Vielleicht auch noch einige Worte zu der Behauptung, das sei ja alles nicht mehr so schlimm und deshalb könne man die Maßnahmen ja jetzt wieder zurückfahren:
Erstens. Wir führen die Debatte, wir kontrollieren natürlich die Regierung.
Zweitens. Dass unsere Einschätzung keine ist, die völlig weltfremd wäre, sieht man auch daran, dass die Weltgesundheitsorganisation ihre Einschätzung, dass wir eine Gesundheitskrise von internationalem Ausmaß haben, immer noch nicht aufgehoben hat.

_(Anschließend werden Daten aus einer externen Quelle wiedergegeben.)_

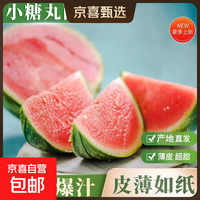 小糖丸西瓜手剥瓜小西瓜脆甜多汁新鲜现摘应季水果包邮 产地直发 单枚1.5-2斤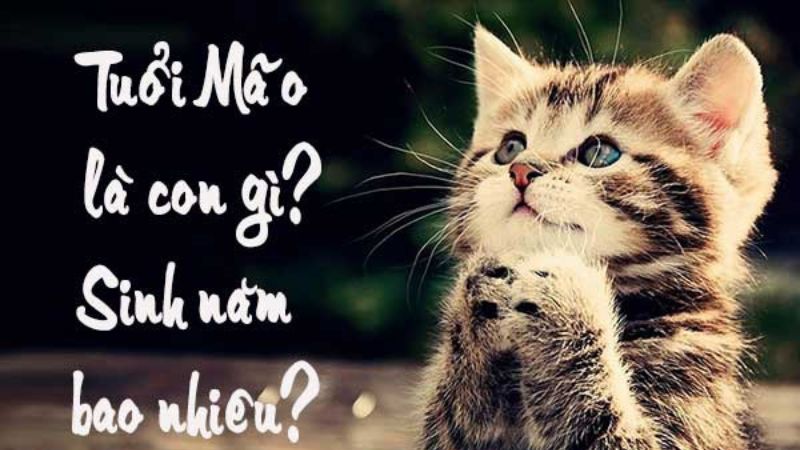 Tuổi Tam mã hợp với tuổi nào? Màu gì? sinh năm nào?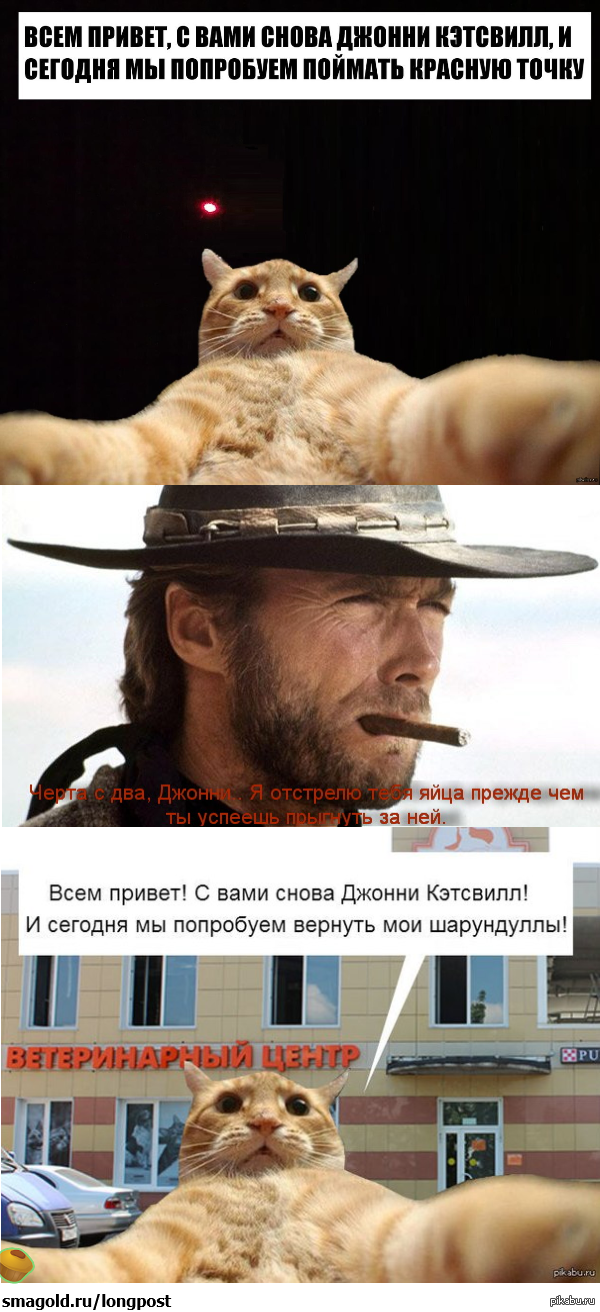 Приключения Джонни Кэтсвилла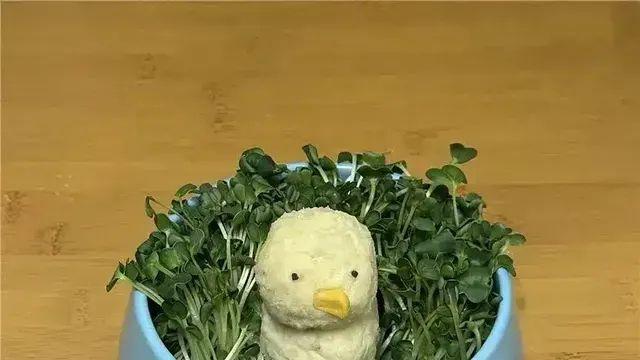 [스압] 흰둥이 밥그릇에 밥먹는 사람.,,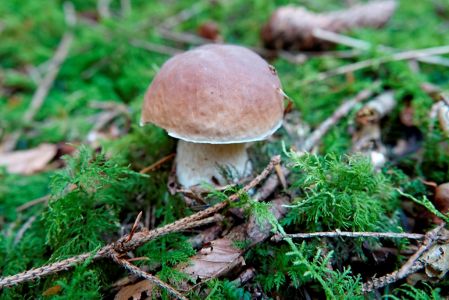 _dsc3441_steinpilz.jpg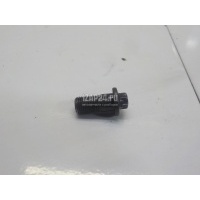 Болт полый Scania 4 P series (1995 - 2007) 1525387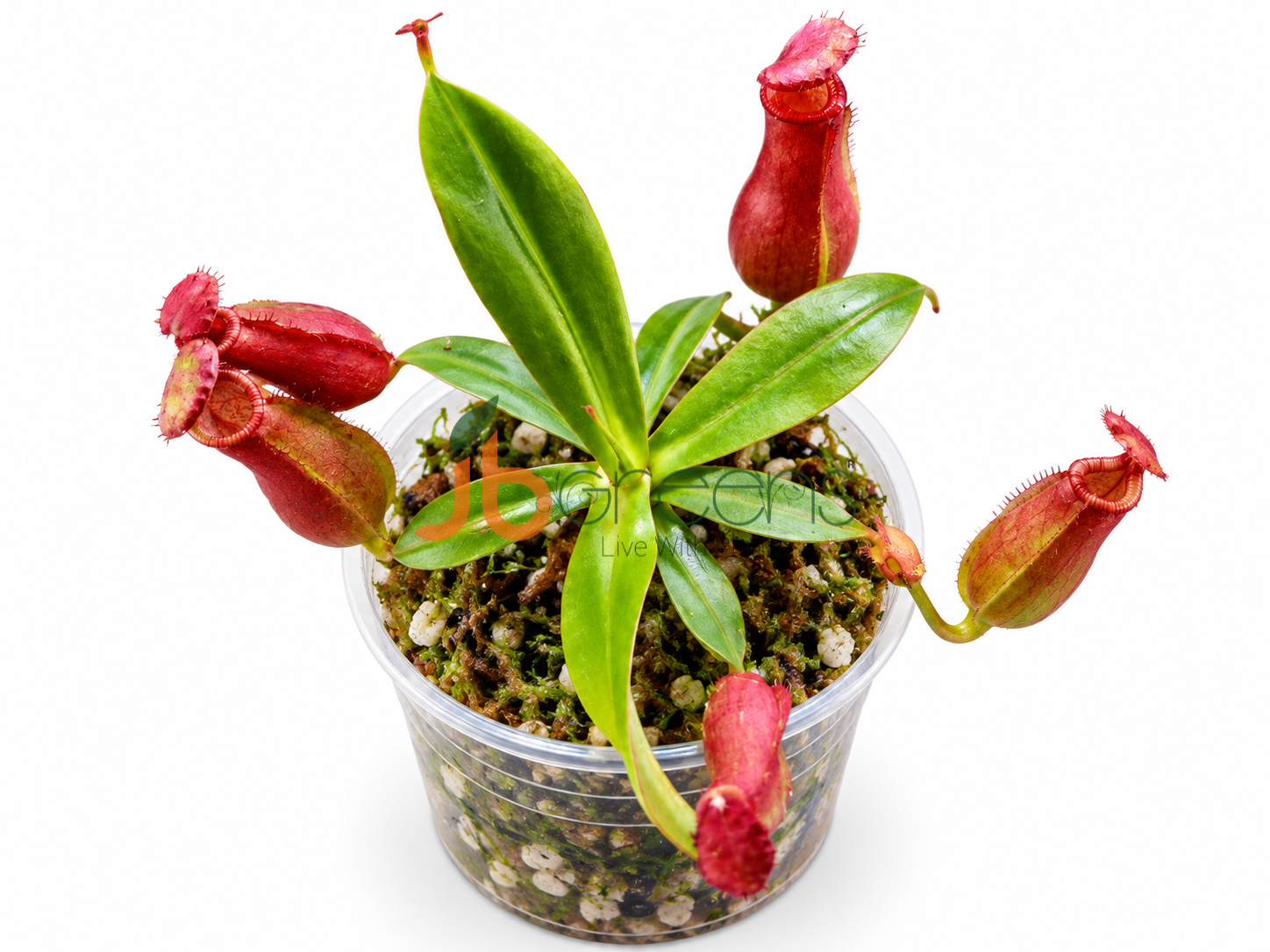 Nepenthes ‘Lady Luck’ (N. ventricosa x N. ampullaria)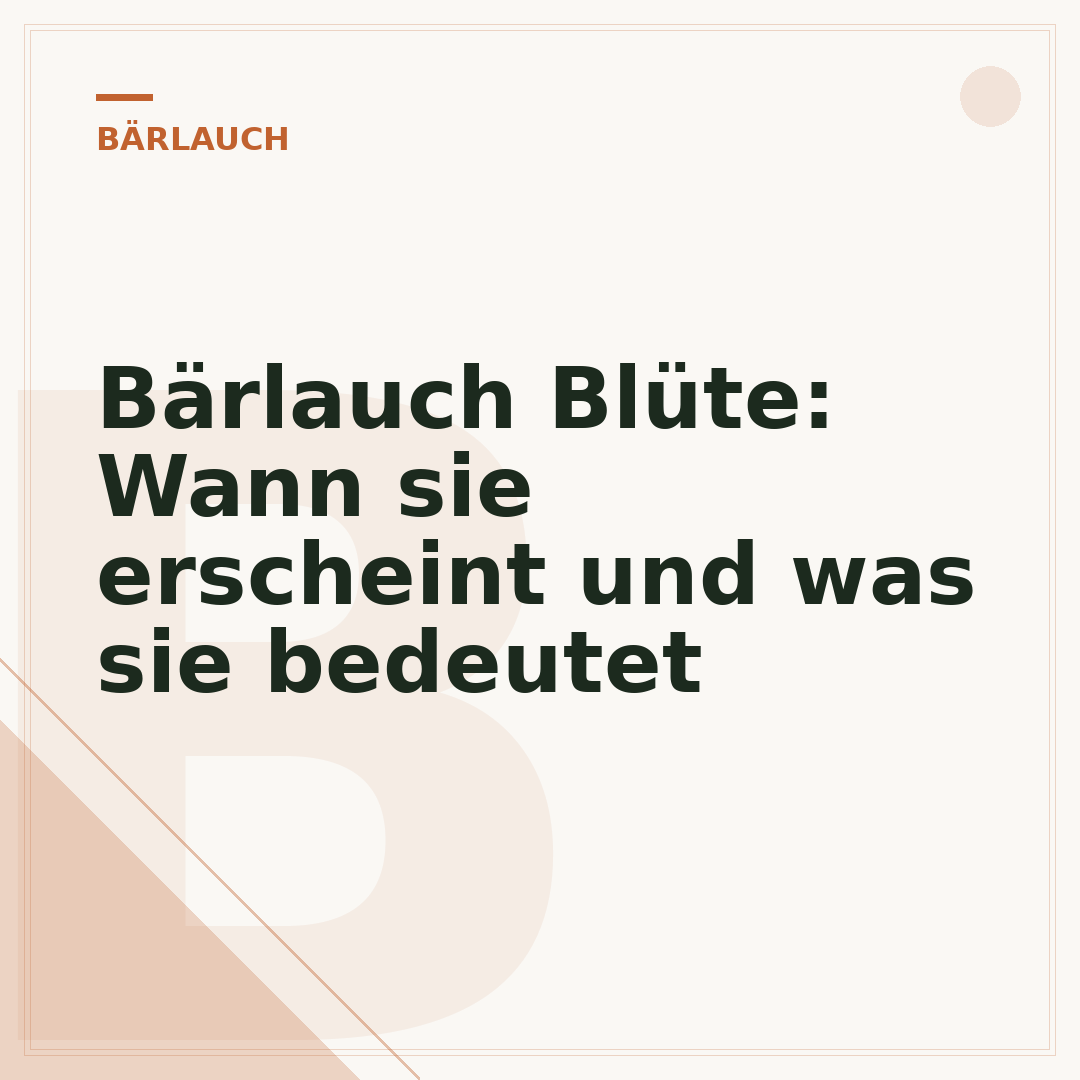 Bärlauch Blüte: Wann sie erscheint und was sie bedeutet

Insofern sollten wir in der Beziehung auch in bisschen realitätsnäher sein, zumal wir bei der Frage, wie sich das Infektionsgeschehen entwickelt, ja immer nur über eine Momentaufnahme quasi von vor zwei Wochen reden. Keiner weiß also, wie die Lage in zwei Wochen aussieht.
Drittens. Wir wissen auch, dass es, wenn jetzt das Urlaubsgeschehen losgeht, wenn wir erfreulicherweise auch wieder in Europa reisen können, zum Ende der Urlaubssaison sicherlich wieder Fälle geben wird. Trotz aller Vorsicht muss man sicherlich mit Neuinfektionen rechnen.
Deshalb, liebe Kolleginnen und Kollegen insbesondere von der FDP, lassen Sie uns doch bei der Frage, inwieweit die Maßnahmen, die wir in dieser Situation ergreifen, gerechtfertigt sind, die Gemüter ein bisschen runterfahren. Ich verstehe den Antrag. Die Begründung ist teilweise auch nachvollziehbar.
Aber wir haben es doch in anderen Krisen gesehen: In der schwarz-gelben Koalition, von 2009 bis 2013, haben wir doch auch mitten in der Euro-Krise viele gute Dinge gemacht. Wir haben damals doch in einer besonderen Situation, in der wir auch momentan sind, die Parlamentsrechte nicht außer Kraft gesetzt. Ich führe gern mit Ihnen, auch gerade mit Konstantin Kuhle, eine Diskussion über staatstheoretische Fragen, zum Selbstverständnis eines Parlaments, über die Frage, inwieweit wir vielleicht an der einen oder anderen Stelle der Regierung stärker widersprechen sollten. Das können wir alles machen; aber in diesem Kontext ist es, glaube ich, nicht das Richtige.
Deshalb: Lassen Sie uns eher darüber diskutieren, wie wir mit digitalen Möglichkeiten – die Corona-Warn-App ist hier angesprochen worden – die Normalität für viele Menschen in unserem Land so schnell wie möglich wiederherstellen können.